John McCain joked with Leno Tuesday that his defeat was the media's fault.

Making his first public comment a week after he lost the election to Barack Obama, John McCain joked with “The Tonight Show” host Jay Leno that his defeat was “all the press’ fault” and that he’s “ready to go again” in 2012.

McCain’s appearance, which was tied to Veteran’s Day and follows two days of televised interviews with his running mate, Alaska Gov. Sarah Palin, was to air later Tuesday night on NBC stations.

In keeping with the Veteran’s Day creed of remaining a “good soldier,” McCain refused to place any blame for his loss on Palin and offered several familiar refrains about his running mate and the campaign.

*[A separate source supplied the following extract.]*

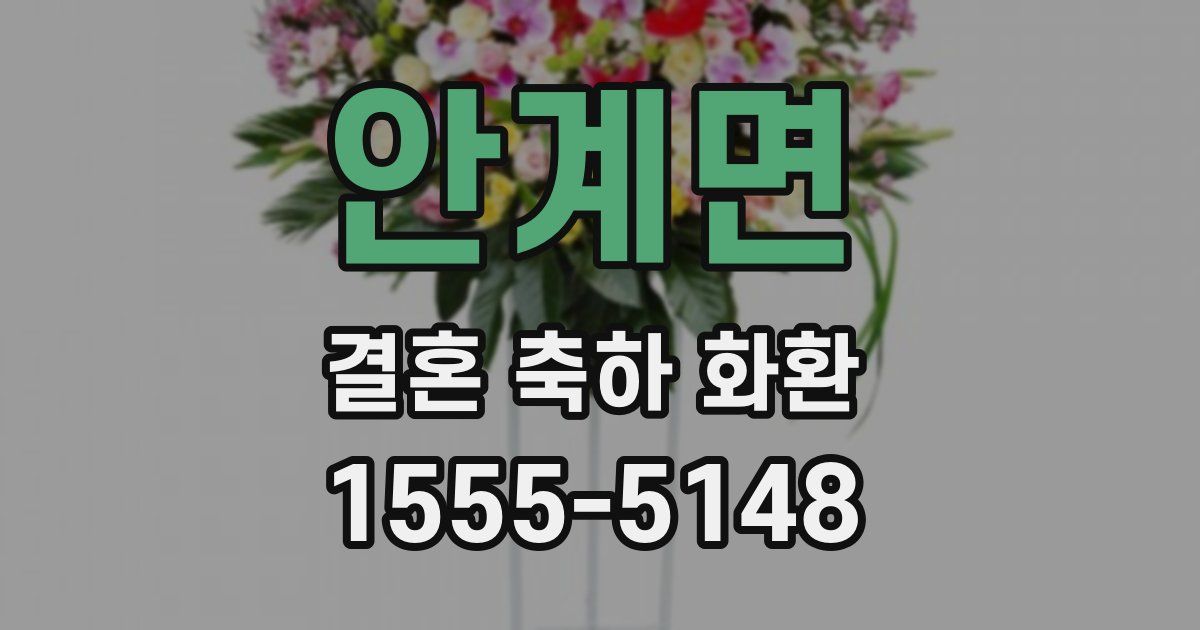 안계면 결혼 축하 화환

“The one thing I think Americans don’t want is a sore loser,” he noted after Leno tried several times to corner him about Palin’s reported problematic behavior, the media’s perceived tilt toward Obama and other issues that plagued his run for the White House. “I’m a fighter,” he said, with a laugh. “I knew I had a headwind. I can read the polls. They tried to keep them away from me. But I knew we had a real headwind.”

McCain said that since the election ended he’s been “sleeping like a baby — I sleep two hours, wake up and cry, sleep two hours. . . .” He seemed relaxed and comfortable, happy to be rid of the Secret Service protection that guarded him 24/7 as a candidate and amused at all the post-mortems that have filled the papers and cable news shows after the race ended.

Asked the main reason he lost, he joshed that it was because of his “personality — maybe too many people saw me on the Jay Leno show.” The late night host did prod him about the dichotomy of his personality during the campaign, however, and how the amusing and friendly McCain seen on Saturday Night Live and the Al Smith dinner contrasted so sharply with his often gruff and angry posture on the stump. “These are tough times,” McCain replied. “People didn’t want a stand-up comic.”

Among other subjects discussed during The Tonight Show appearance:

*Anonymous McCain campaign aides critical of Palin:

    “I think I have at least a thousand quote top advisers. [It’s always] ‘a top adviser said. . . ‘ [They’re probably] people that I’ve never even heard of, much less a top advisor or a high-ranking Republican official. These things go on in campaigns and you just move on. I’m just very proud to have had Sarah Palin and her family, a wonderful family [join the campaign.]”

*Joe Lieberman’s future in Congress:

    “One of the finest, most wonderful men I’ve ever known in my life. . . . I obviously don’t know what’s going to happen. On national security issues, he’s really really good. . . I think that Joe will remain what he is: an independent who stands up for what he believes in. And we need more people like that. “

*Joe the Plumber:

    “I loved him, a great guy. I got to know him a bit. He’s the classic American trying to get ahead, trying to make it. I’m not kidding you, because we took polls all the time, that guy went from zero to 70% in name ID in 48 hours. It was amazing, amazing.”

*Running again in 2012:

    “I wouldn’t think so, my friend. It’s been a great experience and we’re going to have another generation of leaders come along.”
    *The GOP’s future: “Our party has a lot of work to do. We just got back from the woodshed.”